Task requirements. Only the lines from the one containing "Art Nouveau brass flower candle holder" through the last line of the material should be copied, exactly as written and without pictures.
[Opening Supplied records section]
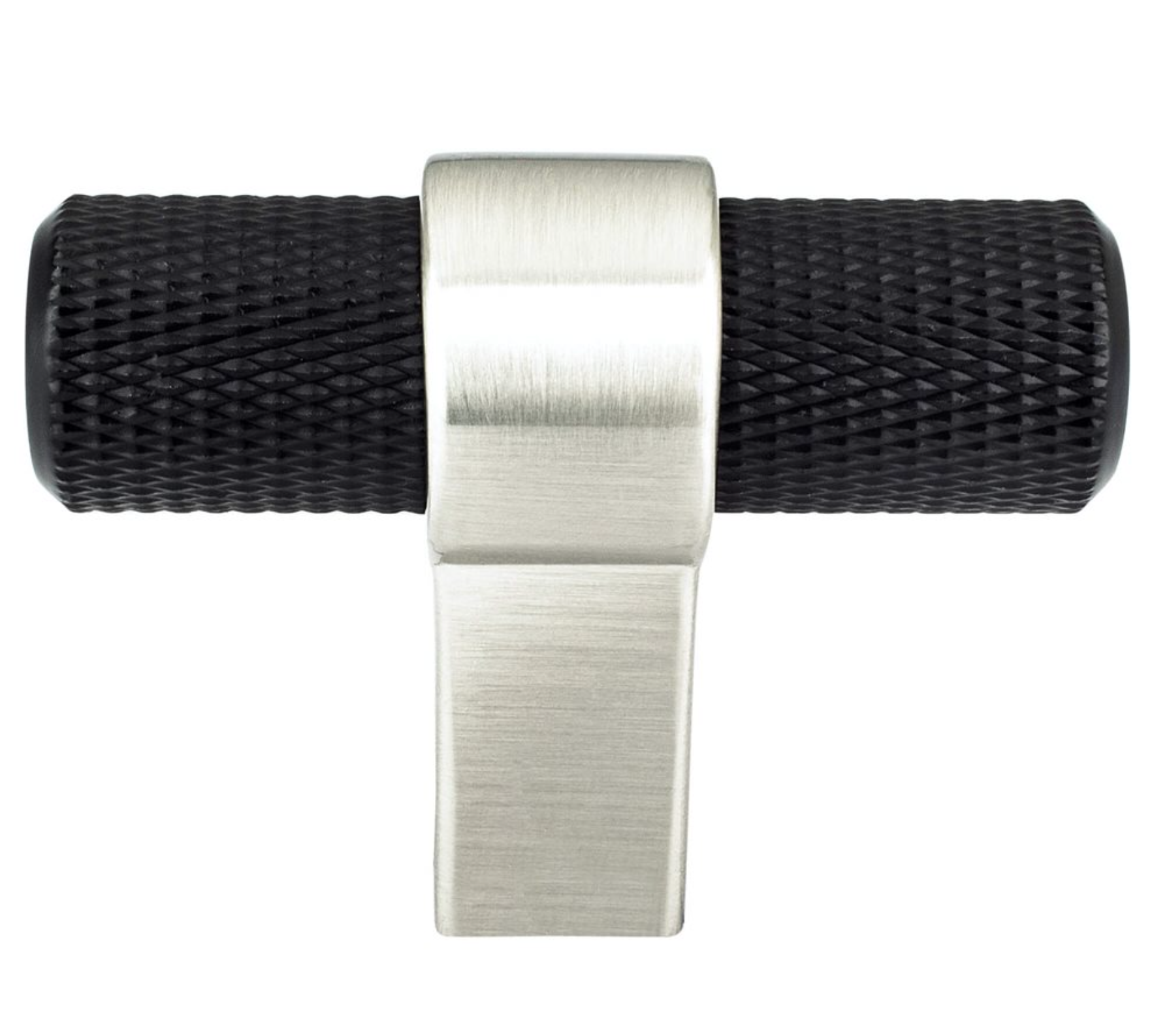 Knurled Prelude Brushed Nickel and Matte Black Cabinet Knobs and Drawer Pulls - Premium Hardware for Kitchen, Bathroom & Furniture Upgrade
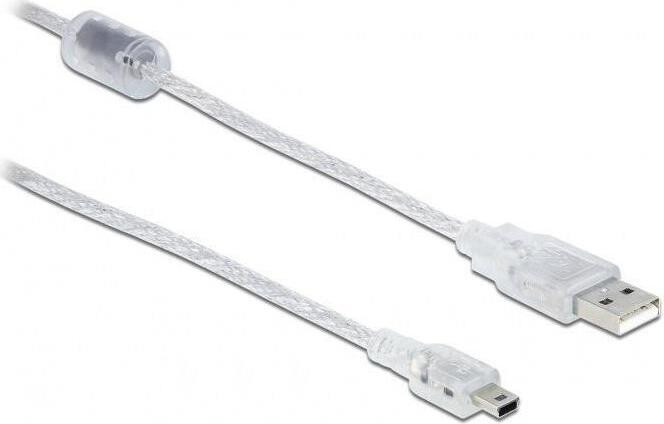 Delock USB 2.0 kabel Mini-USB type B naar USB, 1,5 m, transparant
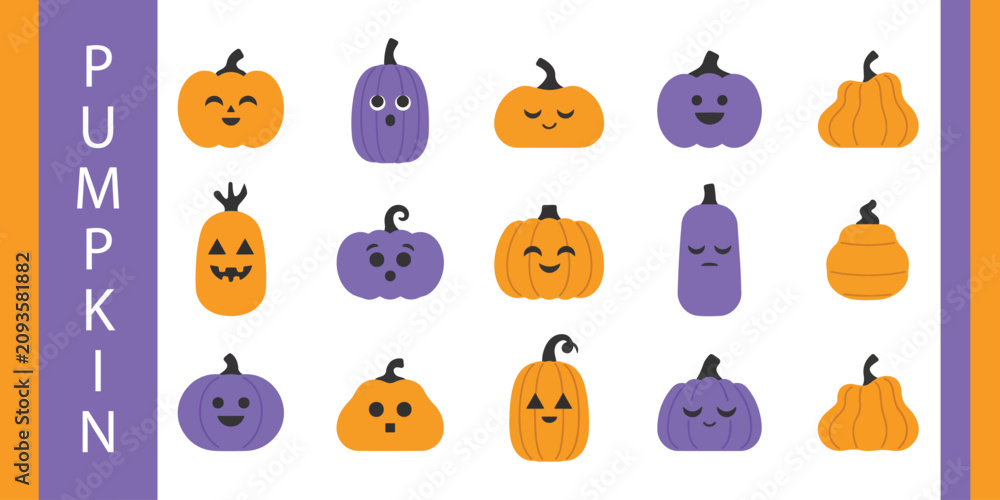 Fototapeta premium Colorful cartoon pumpkins with different expressions isolated on background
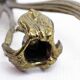 Art Nouveau brass flower candle holder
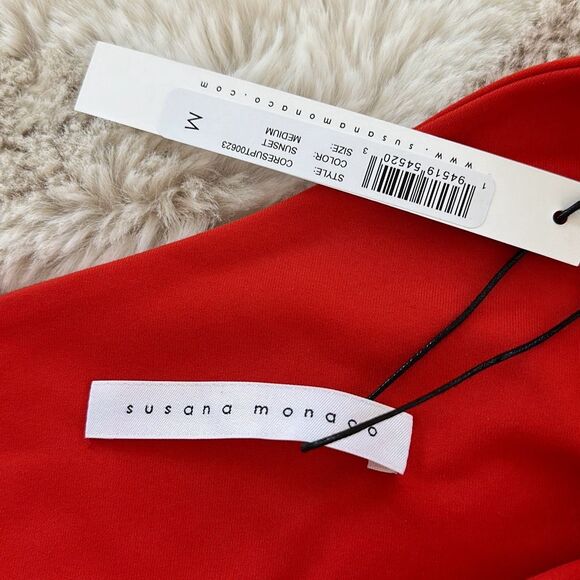 Susana Monaco Essential One Shoulder Crop Top in Sunset Size M - Picture 4 of 7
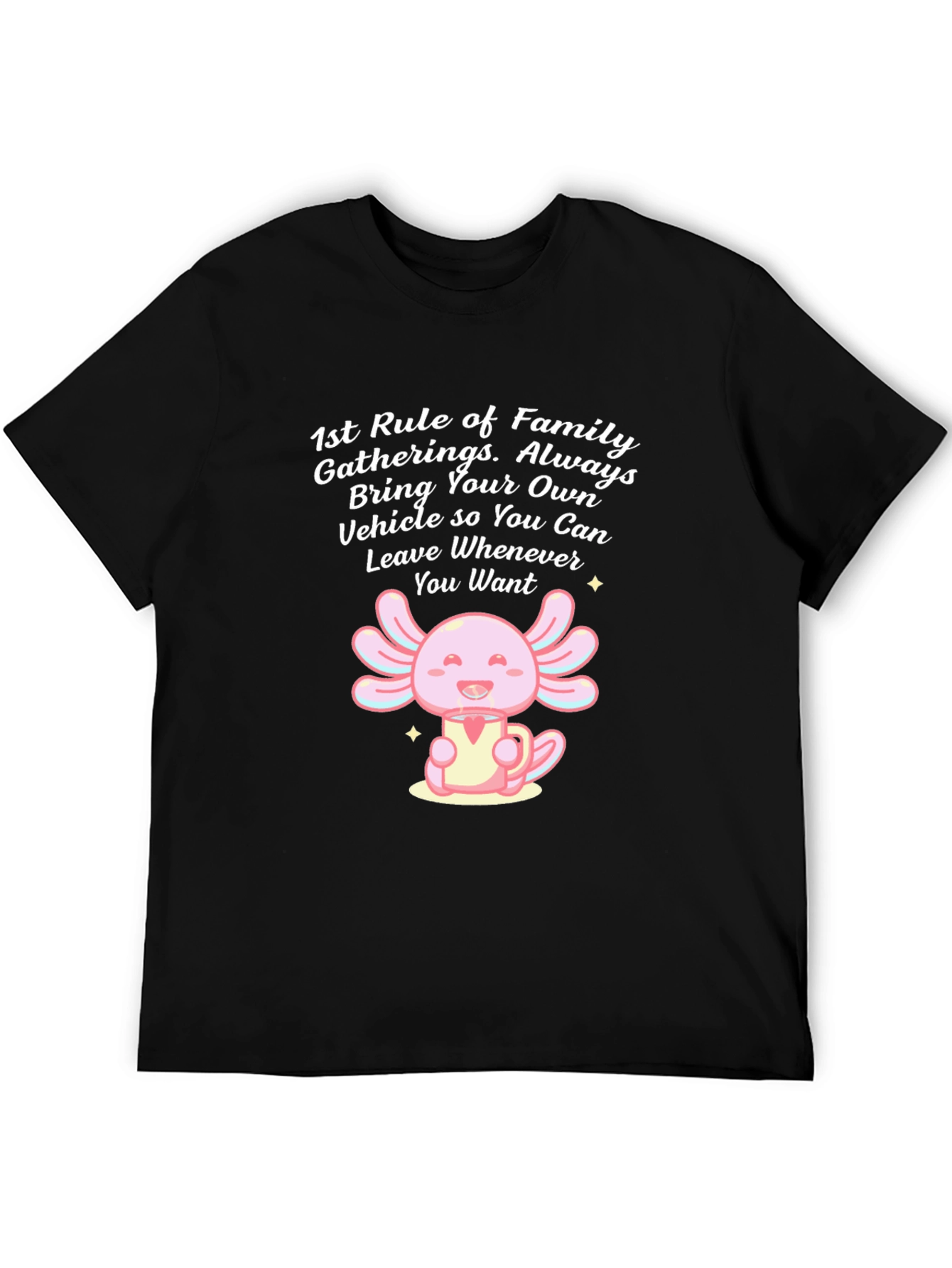 Black Funny Axolotl Family Gathering T-Shirt view 5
[Closing Supplied records section]
Response box.
 Art Nouveau brass flower candle holder
 Susana Monaco Essential One Shoulder Crop Top in Sunset Size M - Picture 4 of 7
 Black Funny Axolotl Family Gathering T-Shirt view 5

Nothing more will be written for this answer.